→ PROBLEM DESCRIPTION:
Below is a listing; return it in full, exactly as it appears.

→ DATA:
· · · · ·

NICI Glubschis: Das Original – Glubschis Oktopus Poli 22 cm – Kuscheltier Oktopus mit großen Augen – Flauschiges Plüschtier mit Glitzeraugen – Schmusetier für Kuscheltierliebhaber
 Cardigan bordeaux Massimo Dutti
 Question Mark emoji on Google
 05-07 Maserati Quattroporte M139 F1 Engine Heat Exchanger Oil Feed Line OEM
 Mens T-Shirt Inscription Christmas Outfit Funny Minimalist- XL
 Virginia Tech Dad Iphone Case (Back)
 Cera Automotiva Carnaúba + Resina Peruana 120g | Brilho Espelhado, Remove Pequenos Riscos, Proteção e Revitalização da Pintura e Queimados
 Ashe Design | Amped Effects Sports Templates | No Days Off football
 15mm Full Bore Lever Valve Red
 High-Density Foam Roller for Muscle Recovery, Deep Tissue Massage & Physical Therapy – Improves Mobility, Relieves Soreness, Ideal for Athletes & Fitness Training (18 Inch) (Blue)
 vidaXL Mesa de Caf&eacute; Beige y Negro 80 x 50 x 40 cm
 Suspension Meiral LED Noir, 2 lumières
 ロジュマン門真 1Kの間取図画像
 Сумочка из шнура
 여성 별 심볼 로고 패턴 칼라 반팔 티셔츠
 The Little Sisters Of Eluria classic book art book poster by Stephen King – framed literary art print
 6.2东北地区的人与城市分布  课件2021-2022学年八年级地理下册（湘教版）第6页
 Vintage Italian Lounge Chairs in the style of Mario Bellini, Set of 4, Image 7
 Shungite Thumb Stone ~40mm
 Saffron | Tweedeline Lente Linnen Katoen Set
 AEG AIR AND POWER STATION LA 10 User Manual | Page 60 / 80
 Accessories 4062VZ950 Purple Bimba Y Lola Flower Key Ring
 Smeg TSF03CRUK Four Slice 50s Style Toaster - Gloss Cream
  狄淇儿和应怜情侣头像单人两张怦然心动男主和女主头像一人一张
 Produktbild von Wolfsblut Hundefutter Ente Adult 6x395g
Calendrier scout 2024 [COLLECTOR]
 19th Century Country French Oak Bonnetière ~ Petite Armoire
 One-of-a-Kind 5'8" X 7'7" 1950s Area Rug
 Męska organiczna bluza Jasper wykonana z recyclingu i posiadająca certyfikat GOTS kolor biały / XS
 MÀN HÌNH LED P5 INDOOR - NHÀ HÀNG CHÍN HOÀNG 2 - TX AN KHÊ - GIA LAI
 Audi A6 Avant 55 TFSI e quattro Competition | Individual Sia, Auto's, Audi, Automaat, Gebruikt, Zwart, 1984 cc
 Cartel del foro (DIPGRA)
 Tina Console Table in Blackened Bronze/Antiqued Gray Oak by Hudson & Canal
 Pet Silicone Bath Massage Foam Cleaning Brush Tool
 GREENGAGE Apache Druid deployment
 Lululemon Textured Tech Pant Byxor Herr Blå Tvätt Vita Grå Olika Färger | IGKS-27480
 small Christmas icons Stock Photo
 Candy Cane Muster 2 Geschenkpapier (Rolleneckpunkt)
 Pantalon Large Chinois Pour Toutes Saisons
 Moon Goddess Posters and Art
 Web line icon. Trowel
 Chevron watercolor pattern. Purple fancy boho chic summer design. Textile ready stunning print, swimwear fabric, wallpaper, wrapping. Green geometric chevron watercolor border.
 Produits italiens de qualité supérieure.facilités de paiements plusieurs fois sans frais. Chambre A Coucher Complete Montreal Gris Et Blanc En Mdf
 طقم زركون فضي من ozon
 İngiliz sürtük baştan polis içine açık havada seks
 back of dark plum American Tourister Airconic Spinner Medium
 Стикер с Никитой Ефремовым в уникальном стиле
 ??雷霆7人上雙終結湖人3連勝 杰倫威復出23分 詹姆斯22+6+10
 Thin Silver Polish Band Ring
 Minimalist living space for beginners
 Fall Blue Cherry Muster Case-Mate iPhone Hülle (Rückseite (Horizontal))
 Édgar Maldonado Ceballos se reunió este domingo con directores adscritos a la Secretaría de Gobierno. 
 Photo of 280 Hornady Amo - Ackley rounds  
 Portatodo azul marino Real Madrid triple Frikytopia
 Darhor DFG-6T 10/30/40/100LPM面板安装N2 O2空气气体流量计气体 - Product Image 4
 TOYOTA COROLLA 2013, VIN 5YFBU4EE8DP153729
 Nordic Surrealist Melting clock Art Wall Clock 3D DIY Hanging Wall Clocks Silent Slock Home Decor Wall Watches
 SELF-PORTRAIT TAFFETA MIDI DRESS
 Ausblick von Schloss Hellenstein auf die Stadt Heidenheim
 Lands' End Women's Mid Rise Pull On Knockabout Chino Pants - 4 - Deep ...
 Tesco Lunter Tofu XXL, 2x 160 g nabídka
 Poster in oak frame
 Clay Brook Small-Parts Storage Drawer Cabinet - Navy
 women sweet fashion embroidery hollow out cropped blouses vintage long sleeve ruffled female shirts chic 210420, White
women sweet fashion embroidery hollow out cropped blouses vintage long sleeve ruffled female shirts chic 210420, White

· · · · ·

→ TASK SOLUTION:
NICI Glubschis: Das Original – Glubschis Oktopus Poli 22 cm – Kuscheltier Oktopus mit großen Augen – Flauschiges Plüschtier mit Glitzeraugen – Schmusetier für Kuscheltierliebhaber
 Cardigan bordeaux Massimo Dutti
 Question Mark emoji on Google
 05-07 Maserati Quattroporte M139 F1 Engine Heat Exchanger Oil Feed Line OEM
 Mens T-Shirt Inscription Christmas Outfit Funny Minimalist- XL
 Virginia Tech Dad Iphone Case (Back)
 Cera Automotiva Carnaúba + Resina Peruana 120g | Brilho Espelhado, Remove Pequenos Riscos, Proteção e Revitalização da Pintura e Queimados
 Ashe Design | Amped Effects Sports Templates | No Days Off football
 15mm Full Bore Lever Valve Red
 High-Density Foam Roller for Muscle Recovery, Deep Tissue Massage & Physical Therapy – Improves Mobility, Relieves Soreness, Ideal for Athletes & Fitness Training (18 Inch) (Blue)
 vidaXL Mesa de Caf&eacute; Beige y Negro 80 x 50 x 40 cm
 Suspension Meiral LED Noir, 2 lumières
 ロジュマン門真 1Kの間取図画像
 Сумочка из шнура
 여성 별 심볼 로고 패턴 칼라 반팔 티셔츠
 The Little Sisters Of Eluria classic book art book poster by Stephen King – framed literary art print
 6.2东北地区的人与城市分布  课件2021-2022学年八年级地理下册（湘教版）第6页
 Vintage Italian Lounge Chairs in the style of Mario Bellini, Set of 4, Image 7
 Shungite Thumb Stone ~40mm
 Saffron | Tweedeline Lente Linnen Katoen Set
 AEG AIR AND POWER STATION LA 10 User Manual | Page 60 / 80
 Accessories 4062VZ950 Purple Bimba Y Lola Flower Key Ring
 Smeg TSF03CRUK Four Slice 50s Style Toaster - Gloss Cream
  狄淇儿和应怜情侣头像单人两张怦然心动男主和女主头像一人一张
 Produktbild von Wolfsblut Hundefutter Ente Adult 6x395g
Calendrier scout 2024 [COLLECTOR]
 19th Century Country French Oak Bonnetière ~ Petite Armoire
 One-of-a-Kind 5'8" X 7'7" 1950s Area Rug
 Męska organiczna bluza Jasper wykonana z recyclingu i posiadająca certyfikat GOTS kolor biały / XS
 MÀN HÌNH LED P5 INDOOR - NHÀ HÀNG CHÍN HOÀNG 2 - TX AN KHÊ - GIA LAI
 Audi A6 Avant 55 TFSI e quattro Competition | Individual Sia, Auto's, Audi, Automaat, Gebruikt, Zwart, 1984 cc
 Cartel del foro (DIPGRA)
 Tina Console Table in Blackened Bronze/Antiqued Gray Oak by Hudson & Canal
 Pet Silicone Bath Massage Foam Cleaning Brush Tool
 GREENGAGE Apache Druid deployment
 Lululemon Textured Tech Pant Byxor Herr Blå Tvätt Vita Grå Olika Färger | IGKS-27480
 small Christmas icons Stock Photo
 Candy Cane Muster 2 Geschenkpapier (Rolleneckpunkt)
 Pantalon Large Chinois Pour Toutes Saisons
 Moon Goddess Posters and Art
 Web line icon. Trowel
 Chevron watercolor pattern. Purple fancy boho chic summer design. Textile ready stunning print, swimwear fabric, wallpaper, wrapping. Green geometric chevron watercolor border.
 Produits italiens de qualité supérieure.facilités de paiements plusieurs fois sans frais. Chambre A Coucher Complete Montreal Gris Et Blanc En Mdf
 طقم زركون فضي من ozon
 İngiliz sürtük baştan polis içine açık havada seks
 back of dark plum American Tourister Airconic Spinner Medium
 Стикер с Никитой Ефремовым в уникальном стиле
 ??雷霆7人上雙終結湖人3連勝 杰倫威復出23分 詹姆斯22+6+10
 Thin Silver Polish Band Ring
 Minimalist living space for beginners
 Fall Blue Cherry Muster Case-Mate iPhone Hülle (Rückseite (Horizontal))
 Édgar Maldonado Ceballos se reunió este domingo con directores adscritos a la Secretaría de Gobierno. 
 Photo of 280 Hornady Amo - Ackley rounds  
 Portatodo azul marino Real Madrid triple Frikytopia
 Darhor DFG-6T 10/30/40/100LPM面板安装N2 O2空气气体流量计气体 - Product Image 4
 TOYOTA COROLLA 2013, VIN 5YFBU4EE8DP153729
 Nordic Surrealist Melting clock Art Wall Clock 3D DIY Hanging Wall Clocks Silent Slock Home Decor Wall Watches
 SELF-PORTRAIT TAFFETA MIDI DRESS
 Ausblick von Schloss Hellenstein auf die Stadt Heidenheim
 Lands' End Women's Mid Rise Pull On Knockabout Chino Pants - 4 - Deep ...
 Tesco Lunter Tofu XXL, 2x 160 g nabídka
 Poster in oak frame
 Clay Brook Small-Parts Storage Drawer Cabinet - Navy
 women sweet fashion embroidery hollow out cropped blouses vintage long sleeve ruffled female shirts chic 210420, White
women sweet fashion embroidery hollow out cropped blouses vintage long sleeve ruffled female shirts chic 210420, White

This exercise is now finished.